Os pesquisadores dizem que é comum esperar que rajadas mais fracas sejam disparadas com mais frequência do que rajadas mais fortes. Em suma, não podemos detectá-las se ocorrerem longe demais. Quando analisados em conjunto, os novos estudos sugerem fortemente que pelo menos algumas das rajadas de rádio distantes também vieram de magnetares.

“Acredito não ser possível concluir que todas as rajadas rápidas de rádio se originam em magnetares, mas, certamente, nossos modelos que têm magnetares como as origens das rajadas rápidas de rádio provavelmente estejam corretos”, afirma Daniele Michilli, do CHIME, pós-doutoranda na Universidade McGill em Montreal, em uma coletiva de imprensa. As rajadas de rádio mais brilhantes, por exemplo, podem ser produzidas por outros objetos que não os magnetares, acrescenta Weltman.

Os dados também podem ajudar a refinar as teorias de como os magnetares conseguem produzir rajadas rápidas de rádio. Em uma revisão também publicada na revista científica Nature, o astrofísico Bing Zhang, da Universidade de Nevada, Las Vegas, descreveu os dois cenários mais convincentes. No primeiro, erupções de partículas ejetadas da superfície do magnetar colidem em velocidades extremas com os detritos circundantes, criando um redemoinho quente e altamente magnetizado que pode emitir raios x e ondas de rádio. No segundo, rajadas rápidas de rádio se formam à medida que as linhas do campo magnético superintenso do magnetar se encontram e se desconectam, liberando grandes quantidades de energia nesse processo.
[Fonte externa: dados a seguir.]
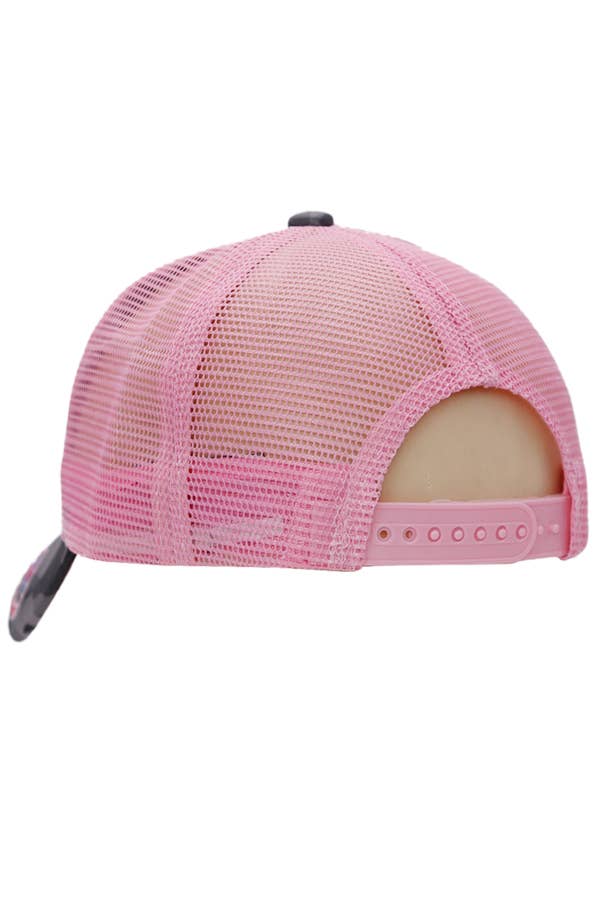 Cowgirl Horseshoe Bling Camo Curved Bill Baseball Cap back view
Contudo, Zhang e seus colegas também descobriram que as condições por trás de uma rajada rápida de rádio são raras. Horas antes da rajada de 28 de abril, a equipe estava monitorando o magnetar com o radiotelescópio FAST, da China, a maior antena parabólica do mundo. Mas apesar da emissão de 29 flashes de raios-x pelo objeto enquanto eles observavam o céu, não se identificou nenhuma rajada rápida de rádio saindo do magnetar.
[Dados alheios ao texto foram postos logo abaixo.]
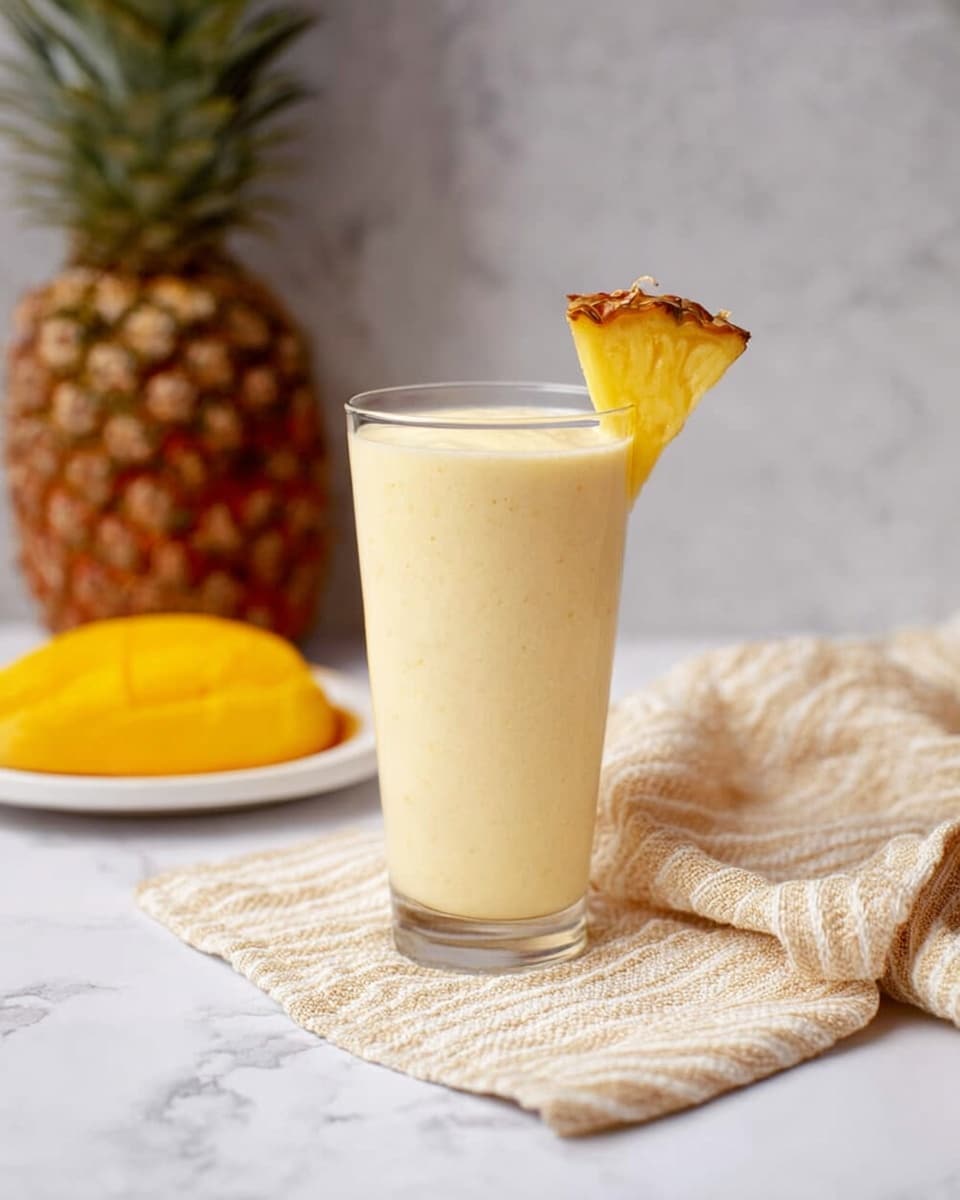 A tall clear glass filled with a creamy light yellow smoothie stands on a white marbled surface, garnished with a triangular slice of pineapple on the rim. In the background to the left, there is a whole pineapple on a white plate and a half-cut mango placed beside it. To the right, a textured beige and white striped cloth is casually folded on the same white marbled surface. photo taken with an iphone --ar 4:5 --v 7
No coletiva de imprensa, Zhang explicou que faria sentido que magnetares liberassem rajadas rápidas de rádio apenas se o fizessem de vez em quando. Se cada explosão de magnetar que emitir raios-X também gerar rajadas de rádio, os astrônomos esperariam ver de cem a mil vezes mais rajadas do que as que foram vistas até o momento.
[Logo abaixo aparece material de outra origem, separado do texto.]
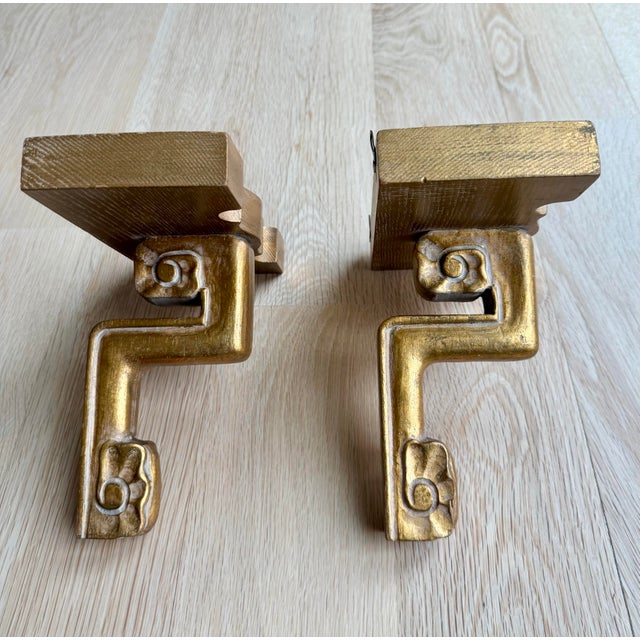 Art Deco 1930s Art Deco Carved Gilt Wood Wall Brackets / Shelves - A Pair For Sale - Image 3 of 12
Para Weltman, o futuro desse campo de estudo é tão brilhante quanto as próprias rajadas de rádio. Redes globais de telescópios estão preparadas para captar mais dessas ondas intensas, tanto dentro quanto fora da Via Láctea. E à medida que rajadas de ondas de rádio atingem a Terra, os cientistas as utilizam para descartar muitas das teorias que descrevem a origem desses enigmas cósmicos — uma espécie de crivo que Weltman chama de “a real beleza da ciência idônea e de qualidade!”.